**Caption-style text data**
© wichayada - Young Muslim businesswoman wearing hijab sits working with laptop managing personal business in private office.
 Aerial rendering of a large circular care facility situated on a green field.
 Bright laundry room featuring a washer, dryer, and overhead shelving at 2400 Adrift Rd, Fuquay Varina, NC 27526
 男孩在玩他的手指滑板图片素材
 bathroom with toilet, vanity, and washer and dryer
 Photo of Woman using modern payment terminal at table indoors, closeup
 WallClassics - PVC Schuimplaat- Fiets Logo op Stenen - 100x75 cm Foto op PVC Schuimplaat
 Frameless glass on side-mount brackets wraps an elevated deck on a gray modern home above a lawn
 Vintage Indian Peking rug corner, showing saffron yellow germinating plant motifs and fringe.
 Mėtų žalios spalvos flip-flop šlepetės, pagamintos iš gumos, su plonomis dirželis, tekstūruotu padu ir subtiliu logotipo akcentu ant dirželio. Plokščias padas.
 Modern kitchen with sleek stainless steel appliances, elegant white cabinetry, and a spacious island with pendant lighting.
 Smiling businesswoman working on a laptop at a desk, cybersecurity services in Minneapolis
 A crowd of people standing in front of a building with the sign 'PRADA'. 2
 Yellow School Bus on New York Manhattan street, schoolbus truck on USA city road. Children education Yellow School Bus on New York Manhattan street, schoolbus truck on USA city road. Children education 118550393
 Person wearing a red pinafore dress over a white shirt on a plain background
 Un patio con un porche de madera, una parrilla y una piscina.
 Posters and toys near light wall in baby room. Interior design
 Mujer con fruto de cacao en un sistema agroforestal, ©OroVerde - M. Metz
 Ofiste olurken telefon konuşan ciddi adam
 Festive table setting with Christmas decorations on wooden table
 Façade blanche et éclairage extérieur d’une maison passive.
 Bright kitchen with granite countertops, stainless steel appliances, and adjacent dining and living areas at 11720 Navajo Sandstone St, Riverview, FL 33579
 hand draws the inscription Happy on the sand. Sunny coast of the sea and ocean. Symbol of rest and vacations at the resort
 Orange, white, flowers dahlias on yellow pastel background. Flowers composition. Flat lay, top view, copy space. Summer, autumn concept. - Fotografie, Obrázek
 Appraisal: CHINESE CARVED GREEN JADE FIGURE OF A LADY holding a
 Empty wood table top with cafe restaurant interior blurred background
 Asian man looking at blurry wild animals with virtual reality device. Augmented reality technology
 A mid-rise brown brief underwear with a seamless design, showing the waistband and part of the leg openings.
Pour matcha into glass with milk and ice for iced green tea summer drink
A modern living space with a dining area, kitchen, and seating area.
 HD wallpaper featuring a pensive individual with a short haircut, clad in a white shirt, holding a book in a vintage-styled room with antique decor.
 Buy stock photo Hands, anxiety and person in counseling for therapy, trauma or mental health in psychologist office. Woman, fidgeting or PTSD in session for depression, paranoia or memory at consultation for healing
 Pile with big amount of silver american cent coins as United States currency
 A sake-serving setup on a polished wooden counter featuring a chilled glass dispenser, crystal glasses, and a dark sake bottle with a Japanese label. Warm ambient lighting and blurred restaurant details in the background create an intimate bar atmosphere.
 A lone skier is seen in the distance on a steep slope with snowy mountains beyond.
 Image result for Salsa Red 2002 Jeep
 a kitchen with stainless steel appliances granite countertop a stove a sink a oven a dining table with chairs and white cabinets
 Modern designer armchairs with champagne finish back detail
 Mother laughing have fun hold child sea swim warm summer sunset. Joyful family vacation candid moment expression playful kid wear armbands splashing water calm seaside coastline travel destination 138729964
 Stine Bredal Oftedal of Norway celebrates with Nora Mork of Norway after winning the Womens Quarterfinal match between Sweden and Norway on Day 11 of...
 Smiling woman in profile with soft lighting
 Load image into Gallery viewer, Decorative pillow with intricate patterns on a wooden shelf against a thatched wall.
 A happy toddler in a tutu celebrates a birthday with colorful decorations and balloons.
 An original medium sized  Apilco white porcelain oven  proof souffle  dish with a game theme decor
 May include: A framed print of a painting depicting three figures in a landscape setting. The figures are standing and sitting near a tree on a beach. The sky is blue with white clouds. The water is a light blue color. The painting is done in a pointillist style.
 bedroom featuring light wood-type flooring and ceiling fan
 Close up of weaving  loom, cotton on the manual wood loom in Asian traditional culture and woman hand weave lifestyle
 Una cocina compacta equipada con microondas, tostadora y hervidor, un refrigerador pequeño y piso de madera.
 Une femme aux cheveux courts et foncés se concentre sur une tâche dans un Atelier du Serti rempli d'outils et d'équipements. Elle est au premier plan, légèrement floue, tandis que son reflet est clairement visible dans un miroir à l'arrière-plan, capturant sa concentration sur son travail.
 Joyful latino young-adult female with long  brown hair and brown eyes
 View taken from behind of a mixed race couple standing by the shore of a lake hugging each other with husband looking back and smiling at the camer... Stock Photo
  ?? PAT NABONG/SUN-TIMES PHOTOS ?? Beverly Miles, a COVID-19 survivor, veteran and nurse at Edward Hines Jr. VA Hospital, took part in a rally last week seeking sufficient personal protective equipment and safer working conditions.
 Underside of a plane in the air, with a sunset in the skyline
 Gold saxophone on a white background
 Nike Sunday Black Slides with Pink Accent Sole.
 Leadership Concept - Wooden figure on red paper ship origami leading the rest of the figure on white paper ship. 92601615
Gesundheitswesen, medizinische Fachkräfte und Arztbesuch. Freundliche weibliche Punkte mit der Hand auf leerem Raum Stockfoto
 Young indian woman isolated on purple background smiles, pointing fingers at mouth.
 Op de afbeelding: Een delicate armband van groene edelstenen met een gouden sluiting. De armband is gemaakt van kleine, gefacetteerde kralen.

**Work to complete**
Would you return every line of the data above exactly?

**Written response**
© wichayada - Young Muslim businesswoman wearing hijab sits working with laptop managing personal business in private office.
 Aerial rendering of a large circular care facility situated on a green field.
 Bright laundry room featuring a washer, dryer, and overhead shelving at 2400 Adrift Rd, Fuquay Varina, NC 27526
 男孩在玩他的手指滑板图片素材
 bathroom with toilet, vanity, and washer and dryer
 Photo of Woman using modern payment terminal at table indoors, closeup
 WallClassics - PVC Schuimplaat- Fiets Logo op Stenen - 100x75 cm Foto op PVC Schuimplaat
 Frameless glass on side-mount brackets wraps an elevated deck on a gray modern home above a lawn
 Vintage Indian Peking rug corner, showing saffron yellow germinating plant motifs and fringe.
 Mėtų žalios spalvos flip-flop šlepetės, pagamintos iš gumos, su plonomis dirželis, tekstūruotu padu ir subtiliu logotipo akcentu ant dirželio. Plokščias padas.
 Modern kitchen with sleek stainless steel appliances, elegant white cabinetry, and a spacious island with pendant lighting.
 Smiling businesswoman working on a laptop at a desk, cybersecurity services in Minneapolis
 A crowd of people standing in front of a building with the sign 'PRADA'. 2
 Yellow School Bus on New York Manhattan street, schoolbus truck on USA city road. Children education Yellow School Bus on New York Manhattan street, schoolbus truck on USA city road. Children education 118550393
 Person wearing a red pinafore dress over a white shirt on a plain background
 Un patio con un porche de madera, una parrilla y una piscina.
 Posters and toys near light wall in baby room. Interior design
 Mujer con fruto de cacao en un sistema agroforestal, ©OroVerde - M. Metz
 Ofiste olurken telefon konuşan ciddi adam
 Festive table setting with Christmas decorations on wooden table
 Façade blanche et éclairage extérieur d’une maison passive.
 Bright kitchen with granite countertops, stainless steel appliances, and adjacent dining and living areas at 11720 Navajo Sandstone St, Riverview, FL 33579
 hand draws the inscription Happy on the sand. Sunny coast of the sea and ocean. Symbol of rest and vacations at the resort
 Orange, white, flowers dahlias on yellow pastel background. Flowers composition. Flat lay, top view, copy space. Summer, autumn concept. - Fotografie, Obrázek
 Appraisal: CHINESE CARVED GREEN JADE FIGURE OF A LADY holding a
 Empty wood table top with cafe restaurant interior blurred background
 Asian man looking at blurry wild animals with virtual reality device. Augmented reality technology
 A mid-rise brown brief underwear with a seamless design, showing the waistband and part of the leg openings.
Pour matcha into glass with milk and ice for iced green tea summer drink
A modern living space with a dining area, kitchen, and seating area.
 HD wallpaper featuring a pensive individual with a short haircut, clad in a white shirt, holding a book in a vintage-styled room with antique decor.
 Buy stock photo Hands, anxiety and person in counseling for therapy, trauma or mental health in psychologist office. Woman, fidgeting or PTSD in session for depression, paranoia or memory at consultation for healing
 Pile with big amount of silver american cent coins as United States currency
 A sake-serving setup on a polished wooden counter featuring a chilled glass dispenser, crystal glasses, and a dark sake bottle with a Japanese label. Warm ambient lighting and blurred restaurant details in the background create an intimate bar atmosphere.
 A lone skier is seen in the distance on a steep slope with snowy mountains beyond.
 Image result for Salsa Red 2002 Jeep
 a kitchen with stainless steel appliances granite countertop a stove a sink a oven a dining table with chairs and white cabinets
 Modern designer armchairs with champagne finish back detail
 Mother laughing have fun hold child sea swim warm summer sunset. Joyful family vacation candid moment expression playful kid wear armbands splashing water calm seaside coastline travel destination 138729964
 Stine Bredal Oftedal of Norway celebrates with Nora Mork of Norway after winning the Womens Quarterfinal match between Sweden and Norway on Day 11 of...
 Smiling woman in profile with soft lighting
 Load image into Gallery viewer, Decorative pillow with intricate patterns on a wooden shelf against a thatched wall.
 A happy toddler in a tutu celebrates a birthday with colorful decorations and balloons.
 An original medium sized  Apilco white porcelain oven  proof souffle  dish with a game theme decor
 May include: A framed print of a painting depicting three figures in a landscape setting. The figures are standing and sitting near a tree on a beach. The sky is blue with white clouds. The water is a light blue color. The painting is done in a pointillist style.
 bedroom featuring light wood-type flooring and ceiling fan
 Close up of weaving  loom, cotton on the manual wood loom in Asian traditional culture and woman hand weave lifestyle
 Una cocina compacta equipada con microondas, tostadora y hervidor, un refrigerador pequeño y piso de madera.
 Une femme aux cheveux courts et foncés se concentre sur une tâche dans un Atelier du Serti rempli d'outils et d'équipements. Elle est au premier plan, légèrement floue, tandis que son reflet est clairement visible dans un miroir à l'arrière-plan, capturant sa concentration sur son travail.
 Joyful latino young-adult female with long  brown hair and brown eyes
 View taken from behind of a mixed race couple standing by the shore of a lake hugging each other with husband looking back and smiling at the camer... Stock Photo
  ?? PAT NABONG/SUN-TIMES PHOTOS ?? Beverly Miles, a COVID-19 survivor, veteran and nurse at Edward Hines Jr. VA Hospital, took part in a rally last week seeking sufficient personal protective equipment and safer working conditions.
 Underside of a plane in the air, with a sunset in the skyline
 Gold saxophone on a white background
 Nike Sunday Black Slides with Pink Accent Sole.
 Leadership Concept - Wooden figure on red paper ship origami leading the rest of the figure on white paper ship. 92601615
Gesundheitswesen, medizinische Fachkräfte und Arztbesuch. Freundliche weibliche Punkte mit der Hand auf leerem Raum Stockfoto
 Young indian woman isolated on purple background smiles, pointing fingers at mouth.
 Op de afbeelding: Een delicate armband van groene edelstenen met een gouden sluiting. De armband is gemaakt van kleine, gefacetteerde kralen.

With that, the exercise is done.